La Cour de cassation a donné une définition en la matière (Cour de cassation 11 mars 1986):

« A la différence du loueur de chevaux, fondé à considérer que ses clients, livrés à eux même et libres de choisir leur allure comme les risques d’un sport dangereux, l’entrepreneur de promenades équestres s’adresse au contraire à des clients qui peuvent tout ignorer de l’équitation et rechercher seulement le divertissement d’un parcours à dos de cheval sur l’itinéraire imposé par les préposés qui les accompagnent. »

 

  • Le parcours doit être adapté au niveau des cavaliers (Cour d’appel de Nancy du 29 juin 2004)

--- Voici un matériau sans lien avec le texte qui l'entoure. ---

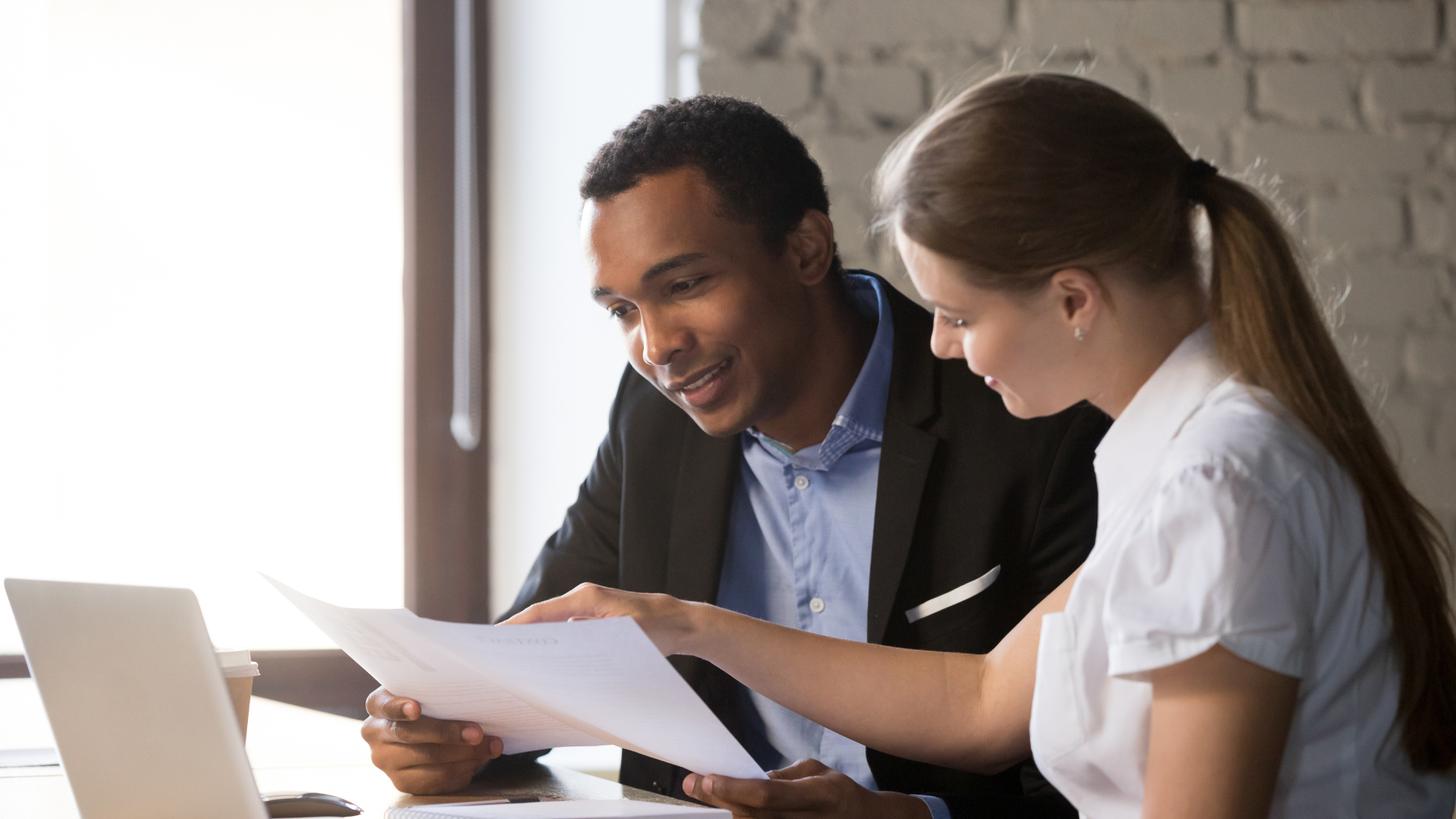 Two people are sitting at a desk, reviewing a healthcare benefits document together near a laptop.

  • Les distances entre les chevaux doivent être sécurisantes. Par exemple, l’accompagnateur est responsable lorsqu’une cavalière non confirmée fait une chute au troisième galop en fin de promenade, alors qu’il se trouvait très en avant d'elle et dans la mesure où il ne s'est pas assuré que la cavalière était en mesure d'effectuer un nouveau galop (Cour d’appel de Besançon du 19 décembre 2001).

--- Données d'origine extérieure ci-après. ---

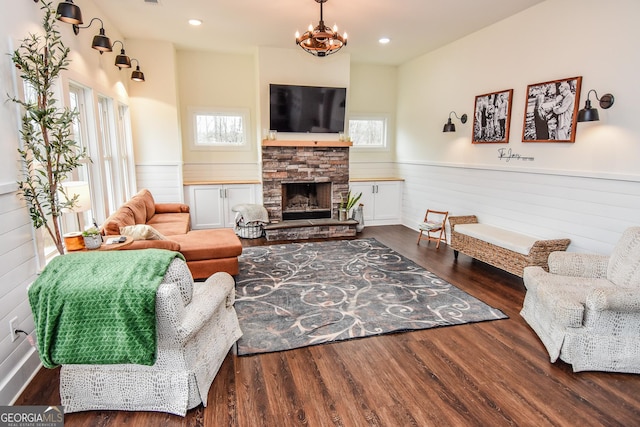 living room featuring a notable chandelier, a fireplace, and dark hardwood / wood-style flooring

  • Les chevaux et les allures choisies par l’accompagnateur doivent être adaptés au niveau des cavaliers.

 

La responsabilité du centre équestre et de l'enseignant dans le cadre des leçons d'équitation

© AC. Grison/IFCE

Les obligations de l’enseignant sont des obligations de moyens. La responsabilité est prise :

  • soit par l’enseignant lui-même si celui-ci exerce de manière libérale,

  • soit par le centre équestre en application de l’article 1384 alinéa 5 du code civil qui prévoit la responsabilité des maîtres et commettants pour les dommages causés par leurs préposés.

 

Quelques exemples de ces obligations :

  • Obligation de mettre à disposition des enfants des chevaux « doux et patients » (Cour d’appel de Paris 29 mai 2005),
  • Obligation de l’enseignant d’être diplômé BP Activités équestres (Cour d’appel de Poitiers du 20 novembre 2001),
  • Obligation d’enseigner avec des dispositifs de sécurité suffisants : pare bottes dans un manège (Cour d’appel de Nancy du 07 janvier 98), sol de qualité (Cour d’appel de Grenoble du 12 septembre 94),
  • Obligation de vérifier la qualité du harnachement : cheval bien préparé, sanglé correctement afin d’éviter tout mouvement anormal de la selle (Cour d’appel de Caen – 8 avril 2008)
  • Obligation de proposer des exercices en adéquation avec le niveau des cavaliers,
  • Obligation de veiller au port de la bombe qui est un élément essentiel de sécurité, et de s’assurer que celle-ci est bien attachée . (CA de Rouen – 6 mai 2004)

 

Base légale et réglementaire

Code civil :
Article 1147 : « Le débiteur est condamné, s'il y a lieu, au paiement de dommages et intérêts soit à raison de l'inexécution de l'obligation, soit à raison du retard dans l'exécution, toutes les fois qu'il ne justifie pas que l'inexécution provient d'une cause étrangère qui ne peut lui être imputée, encore qu'il n'y ait aucune mauvaise foi de sa part. »

Article 1382 du Code civil : « Tout fait quelconque de l'homme, qui cause à autrui un dommage, oblige celui par la faute duquel il est arrivé à le réparer. »


Code du sport
(Loi du 16 juillet 1984 relative à l’organisation et à la promotion des activités physiques et sportives modifiée)
- Enseignement sportif contre rémunération :  art. L212-1 à L212-4 du Code du sport ;

- Garantie hygiène et sécurité : art. L322-1 et suivants du Code du sport ;

- Assurance dans les établissements : art. L321-1 et suivants du Code du sport.